Ratio of shaded region to area of decagon
$\begin{aligned} &= \frac{2×a^2×\frac{\sqrt{5(5+2\sqrt{5})}}{4} + a^2× \frac{\sqrt{5+\sqrt{5}}}{4\sqrt{2}}}{a^2× \frac{5(\sqrt{5+2\sqrt{5}})}{2}}\\ &= \frac{\frac{\sqrt{5(5+2\sqrt{5})}}{2} + \frac{\sqrt{5+\sqrt{5}}}{4\sqrt{2}}}{\frac{5(\sqrt{5+2\sqrt{5}})}{2}}\\ &= \frac{5\sqrt{5}-1}{20}\\ &= 0.509.... \end{aligned}$

Therefore the shaded region has greater area since its value is more than 0.5.

If we rearranged the parts, the whole thing boiled down to whether one unshaded isosceles triangle with two same sides and 36° as the angle between the two is bigger or smaller in area compared to two congruent shaded isosceles triangles which have a base (we make them have left-right balance) of the same length with the unshaded's same sides and 108° as the angle opposite it.
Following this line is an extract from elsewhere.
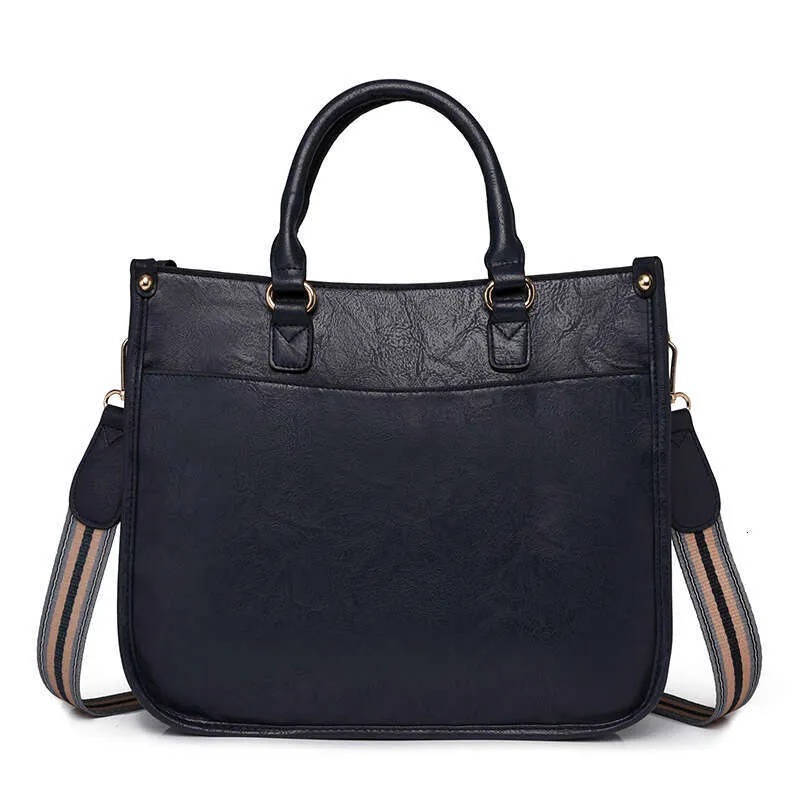 Womens Casual Tote: Stylish Fashionable Shoulder & Crossbody Handbags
Then, if we 'tangramed' the two shaded triangles it's easy to see that together they covered up the unshaded's area nicely.

Shaded : 2 obtuse isosceles ones with angle 36°-108°-36°, different side as base with length x.
Unshaded : 1 acute isosceles triangle with angle 72°-36°-72°, same sides with length x.